Trenta punti e i gol di Juanito Gomez: il ritratto del Gubbio

0
Gubbio
Una fase di gioco di Vis Pesaro-Gubbio 1-0 , match d'andata (foto Vis Pesaro 1898)

Dare corpo al proprio rilancio, dopo 4 punti conquistati con Legnago e Fermana. Con l’obiettivo di raggiungere senza affanni i fatidici 40 punti. E di arricchire un già corposo paniere di 30 punti: il 31 marzo c’è il recupero col Cesena. Il Gubbio che la Vis Pesaro sabato troverà al “Barbetti” è squadra ostica, senza fronzoli e che in Gomez, Fedato e Pasquato ha qualcosa come 12 reti raccolte. Un avversario challenging. Stimolante e impegnativo. Se non fosse che i biancorossi hanno disperato bisogno di punti, per provare ad allontanarsi dalle sabbie mobili di una classifica oggettivamente preoccupante. “E’ una squadra che ha valori importanti. Gioca con pochi giovani, è una squadra solida e dalla cintola in su possiede tutti calciatori di valore – così l’ex ds vissino Claudio Crespini a gubbiofans.it Adesso con Hamlili in mezzo al campo è cresciuto in intensità. In difesa è sempre stata una buona squadra”. Difesa, appunto. Dopo Fermana (storicamente poco permeabile) e Fano, il Gubbio è la terza squadra meno battuta della parte destra della classifica: “solo” 31 le reti subite, a fronte delle 41 vissine. Merito anche dell’ex Catanzaro e Triestina Signorini, assente sabato dopo aver ottenuto la sesta ammonizione. Al suo forfait si accompagna quello di Cucchietti: il portiere torinese è alle prese con uno strappo muscolare.
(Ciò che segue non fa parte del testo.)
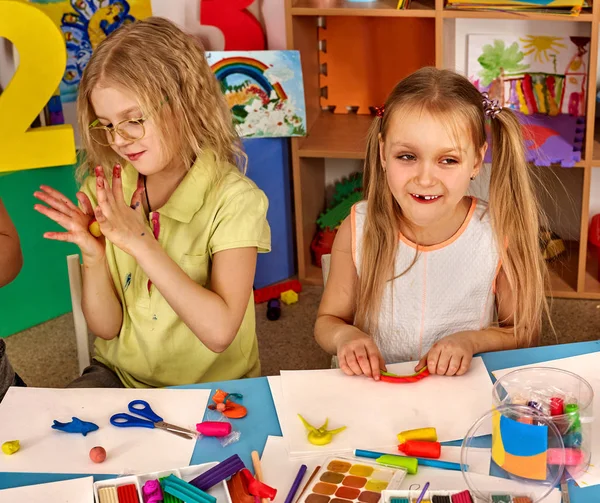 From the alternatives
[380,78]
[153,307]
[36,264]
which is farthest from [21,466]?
[380,78]

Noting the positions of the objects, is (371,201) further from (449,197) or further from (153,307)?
(153,307)

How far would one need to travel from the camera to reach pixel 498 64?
2.67 meters

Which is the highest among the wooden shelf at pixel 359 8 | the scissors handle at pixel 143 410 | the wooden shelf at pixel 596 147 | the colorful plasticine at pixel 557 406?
the wooden shelf at pixel 359 8

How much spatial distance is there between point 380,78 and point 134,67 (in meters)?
1.61

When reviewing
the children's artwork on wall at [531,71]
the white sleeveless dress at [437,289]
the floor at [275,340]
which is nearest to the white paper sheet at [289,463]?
the white sleeveless dress at [437,289]

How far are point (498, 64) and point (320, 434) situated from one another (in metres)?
1.91

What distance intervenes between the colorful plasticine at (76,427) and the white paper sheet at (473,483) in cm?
40

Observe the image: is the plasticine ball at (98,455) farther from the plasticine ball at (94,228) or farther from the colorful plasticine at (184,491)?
the plasticine ball at (94,228)

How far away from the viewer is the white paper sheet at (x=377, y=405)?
106 centimetres

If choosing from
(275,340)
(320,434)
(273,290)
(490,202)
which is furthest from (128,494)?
(273,290)

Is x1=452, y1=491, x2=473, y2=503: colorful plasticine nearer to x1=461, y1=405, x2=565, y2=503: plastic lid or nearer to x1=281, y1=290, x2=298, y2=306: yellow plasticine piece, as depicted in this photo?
x1=461, y1=405, x2=565, y2=503: plastic lid

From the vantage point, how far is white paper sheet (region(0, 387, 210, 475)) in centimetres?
103

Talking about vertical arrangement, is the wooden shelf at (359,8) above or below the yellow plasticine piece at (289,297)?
above

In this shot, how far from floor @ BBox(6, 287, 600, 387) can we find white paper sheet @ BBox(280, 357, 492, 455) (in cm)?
110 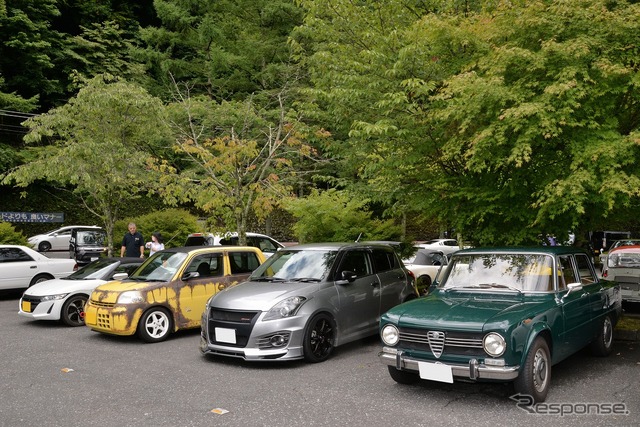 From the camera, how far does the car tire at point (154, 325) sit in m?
8.55

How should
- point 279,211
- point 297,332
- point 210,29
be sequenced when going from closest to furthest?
1. point 297,332
2. point 210,29
3. point 279,211

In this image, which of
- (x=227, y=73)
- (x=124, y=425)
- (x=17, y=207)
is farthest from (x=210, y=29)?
(x=124, y=425)

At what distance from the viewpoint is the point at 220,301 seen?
732 centimetres

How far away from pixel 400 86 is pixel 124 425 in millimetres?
6652

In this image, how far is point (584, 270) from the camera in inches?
284

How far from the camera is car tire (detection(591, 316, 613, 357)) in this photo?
7.24 m

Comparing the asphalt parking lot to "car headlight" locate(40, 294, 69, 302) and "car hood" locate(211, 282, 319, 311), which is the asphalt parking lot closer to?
"car hood" locate(211, 282, 319, 311)

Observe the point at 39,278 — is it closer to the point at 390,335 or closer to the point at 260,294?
the point at 260,294

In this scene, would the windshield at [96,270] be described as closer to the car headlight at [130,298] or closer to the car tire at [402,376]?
the car headlight at [130,298]

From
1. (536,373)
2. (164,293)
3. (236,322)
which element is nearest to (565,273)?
(536,373)

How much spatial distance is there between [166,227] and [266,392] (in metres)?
16.2

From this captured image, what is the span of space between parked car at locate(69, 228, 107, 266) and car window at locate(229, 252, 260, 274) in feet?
42.9

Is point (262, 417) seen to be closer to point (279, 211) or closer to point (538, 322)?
point (538, 322)

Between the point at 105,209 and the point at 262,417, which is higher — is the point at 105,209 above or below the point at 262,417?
above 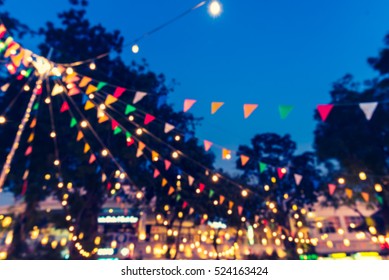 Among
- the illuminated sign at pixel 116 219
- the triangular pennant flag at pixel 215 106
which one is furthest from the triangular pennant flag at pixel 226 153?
the illuminated sign at pixel 116 219

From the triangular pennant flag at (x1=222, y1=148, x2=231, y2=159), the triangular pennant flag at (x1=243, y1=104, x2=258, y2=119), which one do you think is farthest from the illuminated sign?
the triangular pennant flag at (x1=243, y1=104, x2=258, y2=119)

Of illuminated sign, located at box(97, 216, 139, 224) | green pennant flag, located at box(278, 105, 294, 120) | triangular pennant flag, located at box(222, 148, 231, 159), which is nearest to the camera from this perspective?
green pennant flag, located at box(278, 105, 294, 120)

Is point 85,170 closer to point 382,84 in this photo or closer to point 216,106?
point 216,106

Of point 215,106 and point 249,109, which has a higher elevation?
point 215,106

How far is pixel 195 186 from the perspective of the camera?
16.2 metres

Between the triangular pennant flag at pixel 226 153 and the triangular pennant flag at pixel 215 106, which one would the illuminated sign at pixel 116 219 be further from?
the triangular pennant flag at pixel 215 106

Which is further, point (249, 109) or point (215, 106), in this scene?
point (215, 106)

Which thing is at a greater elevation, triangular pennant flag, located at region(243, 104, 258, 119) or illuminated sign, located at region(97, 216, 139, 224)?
illuminated sign, located at region(97, 216, 139, 224)

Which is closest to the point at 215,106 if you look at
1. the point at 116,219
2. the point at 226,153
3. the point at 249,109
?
the point at 249,109

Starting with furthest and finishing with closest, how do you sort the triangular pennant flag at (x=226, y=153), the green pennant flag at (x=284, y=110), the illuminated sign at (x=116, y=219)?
1. the illuminated sign at (x=116, y=219)
2. the triangular pennant flag at (x=226, y=153)
3. the green pennant flag at (x=284, y=110)

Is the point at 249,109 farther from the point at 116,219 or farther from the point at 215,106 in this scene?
the point at 116,219

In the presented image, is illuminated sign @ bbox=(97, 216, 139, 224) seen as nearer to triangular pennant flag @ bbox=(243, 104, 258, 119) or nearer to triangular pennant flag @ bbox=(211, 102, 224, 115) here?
triangular pennant flag @ bbox=(211, 102, 224, 115)

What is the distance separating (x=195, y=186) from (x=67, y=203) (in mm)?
7194

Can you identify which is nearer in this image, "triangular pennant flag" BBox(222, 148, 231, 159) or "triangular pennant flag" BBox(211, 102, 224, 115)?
"triangular pennant flag" BBox(211, 102, 224, 115) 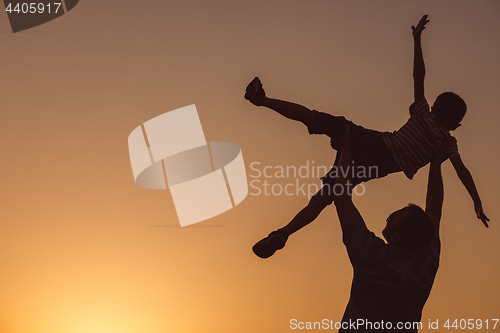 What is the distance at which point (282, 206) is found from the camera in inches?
121

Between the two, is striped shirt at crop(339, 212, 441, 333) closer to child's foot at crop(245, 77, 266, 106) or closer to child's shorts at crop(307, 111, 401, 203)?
child's shorts at crop(307, 111, 401, 203)

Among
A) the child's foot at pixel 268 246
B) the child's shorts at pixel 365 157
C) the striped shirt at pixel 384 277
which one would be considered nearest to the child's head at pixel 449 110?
the child's shorts at pixel 365 157

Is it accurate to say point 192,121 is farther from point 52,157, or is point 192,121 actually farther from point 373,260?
point 373,260

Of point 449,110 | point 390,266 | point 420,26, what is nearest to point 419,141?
point 449,110

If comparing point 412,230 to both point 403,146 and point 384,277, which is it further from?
point 403,146

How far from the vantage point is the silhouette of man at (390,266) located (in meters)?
1.08

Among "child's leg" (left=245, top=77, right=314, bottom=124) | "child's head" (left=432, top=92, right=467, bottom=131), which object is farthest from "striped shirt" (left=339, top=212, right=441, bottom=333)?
"child's head" (left=432, top=92, right=467, bottom=131)

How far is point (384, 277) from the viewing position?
3.54 ft

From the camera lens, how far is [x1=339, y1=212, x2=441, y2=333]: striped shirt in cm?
108

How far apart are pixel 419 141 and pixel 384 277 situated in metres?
0.64

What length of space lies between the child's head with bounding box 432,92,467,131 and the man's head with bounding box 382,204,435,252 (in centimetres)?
57

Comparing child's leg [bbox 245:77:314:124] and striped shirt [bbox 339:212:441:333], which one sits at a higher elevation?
child's leg [bbox 245:77:314:124]

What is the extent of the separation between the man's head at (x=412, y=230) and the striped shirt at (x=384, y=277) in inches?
0.9

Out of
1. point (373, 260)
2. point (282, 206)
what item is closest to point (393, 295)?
point (373, 260) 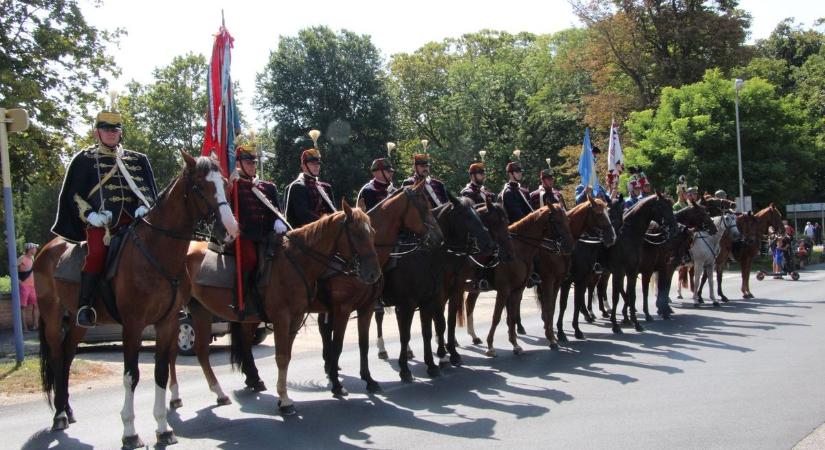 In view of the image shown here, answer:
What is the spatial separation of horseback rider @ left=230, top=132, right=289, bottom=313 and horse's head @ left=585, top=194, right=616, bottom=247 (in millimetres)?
6398

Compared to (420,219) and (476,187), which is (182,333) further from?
(420,219)

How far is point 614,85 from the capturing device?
48.4 metres

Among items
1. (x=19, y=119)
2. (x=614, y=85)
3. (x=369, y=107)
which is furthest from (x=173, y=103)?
(x=19, y=119)

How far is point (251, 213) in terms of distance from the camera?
967 centimetres

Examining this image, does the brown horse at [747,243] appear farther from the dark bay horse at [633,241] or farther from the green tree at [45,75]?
the green tree at [45,75]

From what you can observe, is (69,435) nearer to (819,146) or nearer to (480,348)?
(480,348)

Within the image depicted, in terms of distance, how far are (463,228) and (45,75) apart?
54.7 feet

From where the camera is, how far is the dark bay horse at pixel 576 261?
1350 centimetres

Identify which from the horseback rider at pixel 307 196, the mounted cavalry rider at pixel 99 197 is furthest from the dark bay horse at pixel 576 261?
the mounted cavalry rider at pixel 99 197

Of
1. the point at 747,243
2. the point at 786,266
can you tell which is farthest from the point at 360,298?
the point at 786,266

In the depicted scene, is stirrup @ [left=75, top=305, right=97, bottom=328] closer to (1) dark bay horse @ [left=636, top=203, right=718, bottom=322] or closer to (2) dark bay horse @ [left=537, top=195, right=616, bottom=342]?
(2) dark bay horse @ [left=537, top=195, right=616, bottom=342]

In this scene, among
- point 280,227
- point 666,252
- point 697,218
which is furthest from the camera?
point 697,218

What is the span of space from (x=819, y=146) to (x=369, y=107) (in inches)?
998

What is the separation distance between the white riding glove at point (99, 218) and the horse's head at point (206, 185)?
89cm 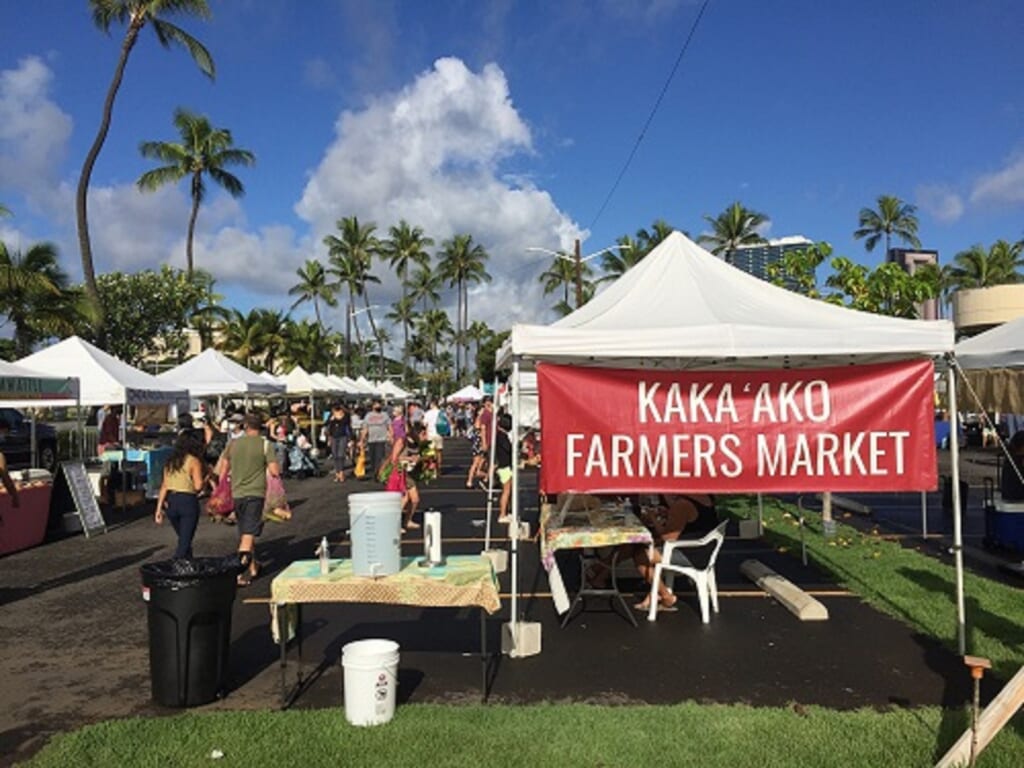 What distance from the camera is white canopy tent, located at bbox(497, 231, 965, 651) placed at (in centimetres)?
595

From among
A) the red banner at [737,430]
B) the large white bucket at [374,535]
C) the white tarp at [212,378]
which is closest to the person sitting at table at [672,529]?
the red banner at [737,430]

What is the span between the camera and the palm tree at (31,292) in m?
24.7

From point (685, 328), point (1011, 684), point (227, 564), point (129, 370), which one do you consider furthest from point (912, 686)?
point (129, 370)

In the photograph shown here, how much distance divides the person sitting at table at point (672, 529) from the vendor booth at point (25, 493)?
330 inches

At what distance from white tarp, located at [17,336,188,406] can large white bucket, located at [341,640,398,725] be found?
11845 millimetres

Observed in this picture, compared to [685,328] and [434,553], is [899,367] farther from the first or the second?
[434,553]

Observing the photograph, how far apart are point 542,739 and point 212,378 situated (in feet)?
62.7

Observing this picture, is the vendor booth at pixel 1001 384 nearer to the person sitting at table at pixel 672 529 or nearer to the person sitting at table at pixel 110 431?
the person sitting at table at pixel 672 529

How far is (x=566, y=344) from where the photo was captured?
600 centimetres

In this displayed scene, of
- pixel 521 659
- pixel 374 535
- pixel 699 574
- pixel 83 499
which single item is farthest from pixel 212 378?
pixel 374 535

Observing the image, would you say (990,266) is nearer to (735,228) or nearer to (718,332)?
(735,228)

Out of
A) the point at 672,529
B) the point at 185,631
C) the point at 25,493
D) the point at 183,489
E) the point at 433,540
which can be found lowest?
the point at 185,631

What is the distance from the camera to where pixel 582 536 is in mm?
6867

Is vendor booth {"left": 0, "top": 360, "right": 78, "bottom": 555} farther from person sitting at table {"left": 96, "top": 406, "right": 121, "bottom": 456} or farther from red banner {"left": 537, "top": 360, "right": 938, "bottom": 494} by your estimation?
red banner {"left": 537, "top": 360, "right": 938, "bottom": 494} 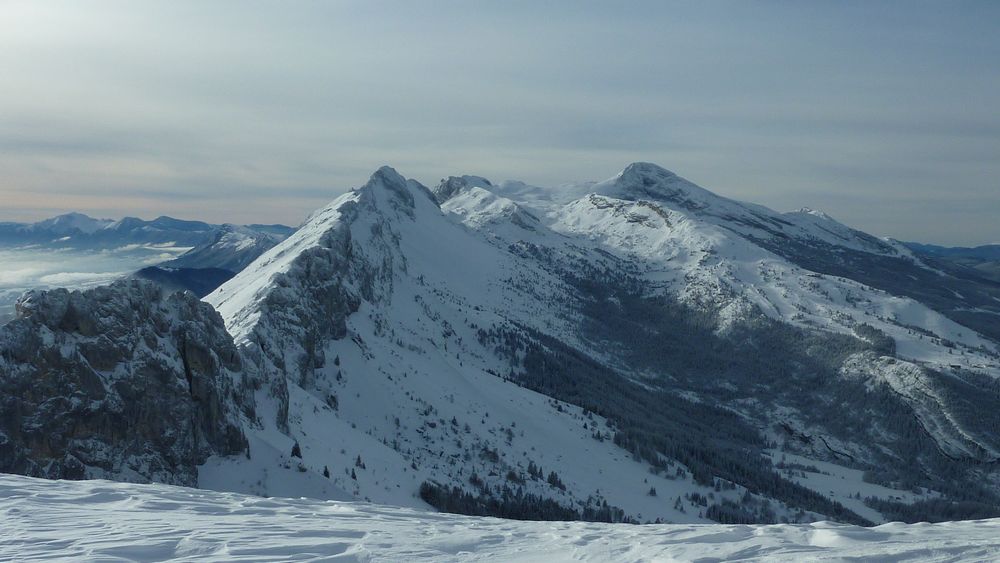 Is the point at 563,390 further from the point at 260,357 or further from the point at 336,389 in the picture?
the point at 260,357

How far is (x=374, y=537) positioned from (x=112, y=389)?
2011cm

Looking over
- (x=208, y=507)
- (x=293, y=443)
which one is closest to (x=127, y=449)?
(x=293, y=443)

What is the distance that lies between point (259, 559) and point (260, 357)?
3399cm

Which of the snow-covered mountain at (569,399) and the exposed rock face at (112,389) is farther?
the snow-covered mountain at (569,399)

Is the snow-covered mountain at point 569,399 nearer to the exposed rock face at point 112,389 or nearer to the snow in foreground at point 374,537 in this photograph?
the exposed rock face at point 112,389

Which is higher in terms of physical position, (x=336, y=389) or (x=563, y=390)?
(x=336, y=389)

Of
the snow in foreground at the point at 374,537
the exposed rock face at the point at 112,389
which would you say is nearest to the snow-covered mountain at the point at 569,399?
the exposed rock face at the point at 112,389

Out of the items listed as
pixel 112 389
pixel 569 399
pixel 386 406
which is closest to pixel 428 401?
pixel 386 406

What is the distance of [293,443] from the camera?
120 ft

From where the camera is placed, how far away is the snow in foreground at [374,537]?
11.9 meters

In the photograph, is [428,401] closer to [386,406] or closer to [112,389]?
[386,406]

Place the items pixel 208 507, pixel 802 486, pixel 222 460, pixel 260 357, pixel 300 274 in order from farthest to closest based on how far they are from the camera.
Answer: pixel 802 486
pixel 300 274
pixel 260 357
pixel 222 460
pixel 208 507

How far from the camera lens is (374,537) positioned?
13734 millimetres

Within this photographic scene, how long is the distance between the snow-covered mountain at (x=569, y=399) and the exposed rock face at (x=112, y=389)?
1.27 metres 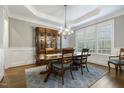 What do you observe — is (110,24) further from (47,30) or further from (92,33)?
(47,30)

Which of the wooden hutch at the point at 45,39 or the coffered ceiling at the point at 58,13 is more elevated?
the coffered ceiling at the point at 58,13

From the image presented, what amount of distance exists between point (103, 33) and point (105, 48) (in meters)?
0.77

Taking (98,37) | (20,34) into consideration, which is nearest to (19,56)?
(20,34)

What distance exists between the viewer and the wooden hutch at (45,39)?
427cm

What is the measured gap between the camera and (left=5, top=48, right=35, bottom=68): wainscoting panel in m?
3.65

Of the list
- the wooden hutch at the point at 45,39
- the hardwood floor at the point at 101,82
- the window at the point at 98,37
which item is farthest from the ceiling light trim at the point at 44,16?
the hardwood floor at the point at 101,82

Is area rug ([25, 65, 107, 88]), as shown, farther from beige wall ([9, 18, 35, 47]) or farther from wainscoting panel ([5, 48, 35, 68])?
beige wall ([9, 18, 35, 47])

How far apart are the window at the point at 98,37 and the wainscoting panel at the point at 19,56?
3189mm

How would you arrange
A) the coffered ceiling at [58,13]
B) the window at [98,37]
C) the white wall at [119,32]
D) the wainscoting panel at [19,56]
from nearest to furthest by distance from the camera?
the coffered ceiling at [58,13] < the white wall at [119,32] < the wainscoting panel at [19,56] < the window at [98,37]

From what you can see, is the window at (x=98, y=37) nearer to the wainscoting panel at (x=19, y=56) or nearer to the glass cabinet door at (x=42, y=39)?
the glass cabinet door at (x=42, y=39)

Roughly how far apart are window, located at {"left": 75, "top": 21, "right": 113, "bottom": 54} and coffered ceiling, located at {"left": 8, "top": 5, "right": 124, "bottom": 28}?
22.9 inches

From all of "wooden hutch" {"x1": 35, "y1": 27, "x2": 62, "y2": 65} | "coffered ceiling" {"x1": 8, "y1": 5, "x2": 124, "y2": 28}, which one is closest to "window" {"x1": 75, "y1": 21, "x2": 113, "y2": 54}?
"coffered ceiling" {"x1": 8, "y1": 5, "x2": 124, "y2": 28} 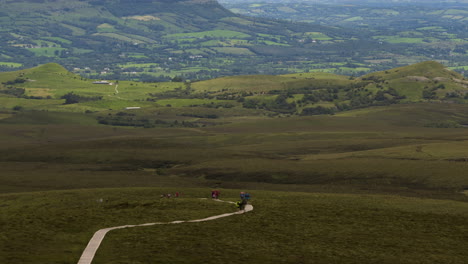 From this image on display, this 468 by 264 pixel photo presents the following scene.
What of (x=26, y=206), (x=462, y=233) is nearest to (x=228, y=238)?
(x=462, y=233)

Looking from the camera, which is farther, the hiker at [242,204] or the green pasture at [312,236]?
the hiker at [242,204]

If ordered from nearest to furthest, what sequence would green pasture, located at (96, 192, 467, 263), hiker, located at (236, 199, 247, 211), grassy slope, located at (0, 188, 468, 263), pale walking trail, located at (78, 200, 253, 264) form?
pale walking trail, located at (78, 200, 253, 264)
grassy slope, located at (0, 188, 468, 263)
green pasture, located at (96, 192, 467, 263)
hiker, located at (236, 199, 247, 211)

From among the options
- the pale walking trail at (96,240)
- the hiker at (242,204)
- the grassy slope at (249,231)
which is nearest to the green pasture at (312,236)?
the grassy slope at (249,231)

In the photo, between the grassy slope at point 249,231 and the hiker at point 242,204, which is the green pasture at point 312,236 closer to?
the grassy slope at point 249,231

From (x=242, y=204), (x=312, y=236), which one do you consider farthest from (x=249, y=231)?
(x=242, y=204)

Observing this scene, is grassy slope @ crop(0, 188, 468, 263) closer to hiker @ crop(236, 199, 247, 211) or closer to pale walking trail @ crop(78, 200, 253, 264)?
pale walking trail @ crop(78, 200, 253, 264)

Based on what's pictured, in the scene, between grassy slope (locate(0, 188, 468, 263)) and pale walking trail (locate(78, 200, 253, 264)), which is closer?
pale walking trail (locate(78, 200, 253, 264))

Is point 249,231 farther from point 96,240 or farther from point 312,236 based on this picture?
point 96,240

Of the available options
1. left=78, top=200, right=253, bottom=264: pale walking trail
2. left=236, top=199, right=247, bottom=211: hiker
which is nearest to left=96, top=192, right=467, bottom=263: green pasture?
left=78, top=200, right=253, bottom=264: pale walking trail

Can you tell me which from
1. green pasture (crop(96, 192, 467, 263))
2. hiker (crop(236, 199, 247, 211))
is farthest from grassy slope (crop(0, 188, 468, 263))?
hiker (crop(236, 199, 247, 211))

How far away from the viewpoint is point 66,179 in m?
152

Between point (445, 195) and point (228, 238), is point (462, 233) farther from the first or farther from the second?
point (445, 195)

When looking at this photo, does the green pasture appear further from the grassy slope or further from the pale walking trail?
the pale walking trail

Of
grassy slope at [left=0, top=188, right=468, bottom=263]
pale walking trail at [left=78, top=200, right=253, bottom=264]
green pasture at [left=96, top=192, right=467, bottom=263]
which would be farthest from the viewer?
green pasture at [left=96, top=192, right=467, bottom=263]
Volendo azzardare una probabile formazione, c’è da credere che Torrente opti ancora per un 4-3-1-2, con Cinaglia o Uggè a sopperire l’assenza di Signorini in mezzo alla difesa. Se Zamarion stazionerà tra i pali, in difesa spazio a Ingrosso e Formiconi (sulle fasce), mentre Ferrini andrà a occupare il secondo slot di centrale. A centrocampo linea a 3 con Hamlili, Megelaitis e capitan Malaccari. Gomez e Fedato confermati in attacco, così come Pasquato sulla trequarti.